Zur Anbindung des neuen Stadions an die Autobahnen A 9 und A99 war es notwendig, die Leistungsfähigkeit der bestehenden Anschlussstelle Fröttmaning an der A 9 durch zusätzliche Fahrstreifen zu erhöhen und nördlich des Stadions einen neuen Anschluss an den Münchner Autobahnring A 99 herzustellen. Zudem baute die Autobahndirektion Südbayern die A 9 zwischen dem Autobahnkreuz München-Nord und der Anschlussstelle Fröttmaning um bis zu drei Fahrstreifen je Richtung weiter aus. Die Autobahndirektion Südbayern hat diese stadionbedingten Ausbaumaßnahmen in einer Bauzeit von nur neun Monaten durchgeführt.
"Mit der Anbindung des Stadions an das Fernstraßennetz haben wir ein wichtiges Etappenziel erreicht. Nun kann der Spielbetrieb beginnen. Fertig sind wir jedoch noch nicht. Bis zur WM werden wir noch drei besonders wichtige und große Bauvorhaben an der A 9 zum Abschluss bringen. Die Maßnahmen sind wegen des bereits bestehenden hohen Verkehrsaufkommens erforderlich, gewinnen jedoch durch den Stadionneubau und durch die Fußball-WM zusätzlich an Priorität", informierte Beckstein. Dies sind der achtstreifige Ausbau der A 9 zwischen den Autobahnkreuzen Neufahrn und München-Nord, der sechsstreifige Ausbau der A 9 zwischen der Anschlussstelle Fröttmaning und dem Frankfurter Ring sowie die Herstellung und Erweiterung des dynamischen Verkehrsleitsystems auf den Autobahnen im Großraum München. Der Ausbau der A 9 erfolgt auf einer Gesamtlänge von 12,5 Kilometer und kostet 64 Millionen Euro. "Wir liegen sehr gut im Zeitplan. Ich sehe als gesichert an, dass die beauftragten Firmen den Ausbau bis Ende 2005 und das Verkehrsleitsystem bis spätestens zur WM 2006 fertig stellen werden", versicherte Beckstein. Hierzu dankte der Minister Bundesverkehrsminister Dr. Manfred Stolpe dafür, dass der Bund durch einen Vorwegabzug vom Fernstraßenhaushalt für eine vorgezogene und damit zeitgerechte Finanzierung dieser dringend notwendigen Ausbaumaßnahmen sorgt.
Angesichts der großen Bedeutung der stadionbedingten Straßenbau- und U-Bahnprojekte der Landeshauptstadt München stellt die Bayerische Staatsregierung hierzu staatliche Fördermittel von über 100 Millionen Euro zur Verfügung.

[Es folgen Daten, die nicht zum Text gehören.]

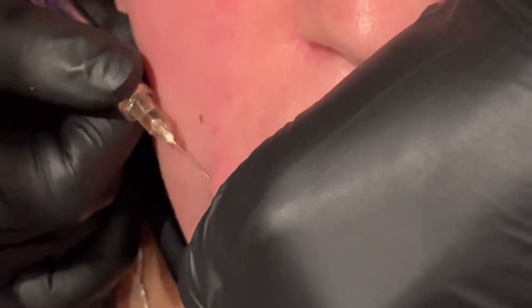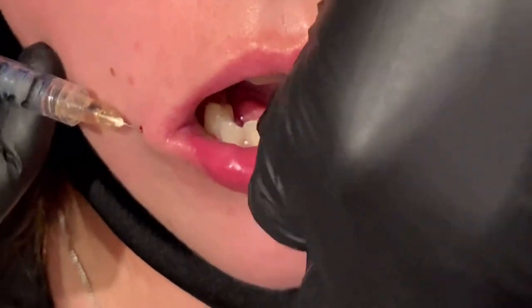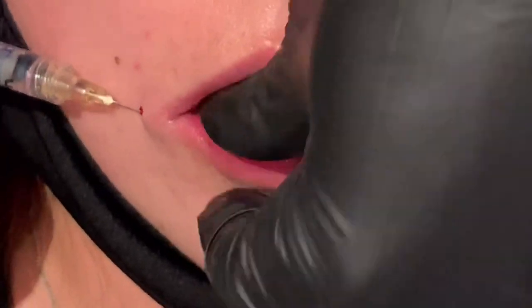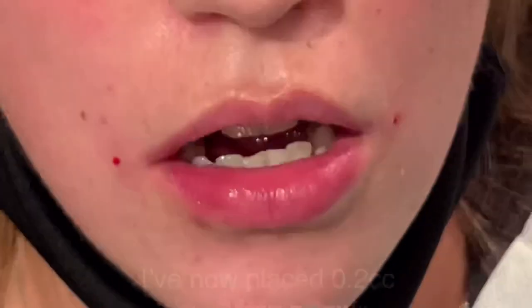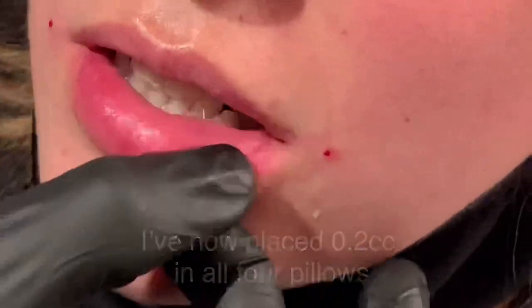I'm likely going to get a little bit of resistance, so I use my index and my thumb and guide the cannula through. I don't want to force anything — I don't want to cause any additional trauma. I'm at the right plane, confirm I'm there with my thumb, placing another 0.2cc in that quadrant for a total of 0.8cc.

Der Freistaat Bayern bezuschusst mit rund 20 Millionen Euro den Ausbau und die Verlegung der Werner-Heisenberg-Allee als Zufahrt von der Autobahn zum Stadion und zu den Parkhäusern, die Herstellung eines dynamischen Verkehrs- und Parkleitsystems im Stadionumfeld sowie die Kostenanteile der Landeshauptstadt München am Aus- bzw. Neubau der Anschlüsse an die A9 und A99. Eine weitere Förderung von rund 85 Millionen Euro erhält die Landeshauptstadt vom Freistaat für den viergleisigen Ausbau des Bahnhofs Fröttmaning mit zwei Bahnsteigen und einer Erweiterung der Abstellanlage, den Ausbau der Signaltechnik auf der Bahnlinie U 6 für einen 2 ½ minütigen Takt und für den Ausbau des U-Bahnhofs Marienplatz als Umsteigebahnhof zum Stadion. "Am Beispiel der Baumaßnahmen rund um das Stadion Fröttmaning zeigt sich sehr deutlich, was wir bewegen können, wenn alle an einem Strang und in die gleiche Richtung ziehen", betonte Beckstein.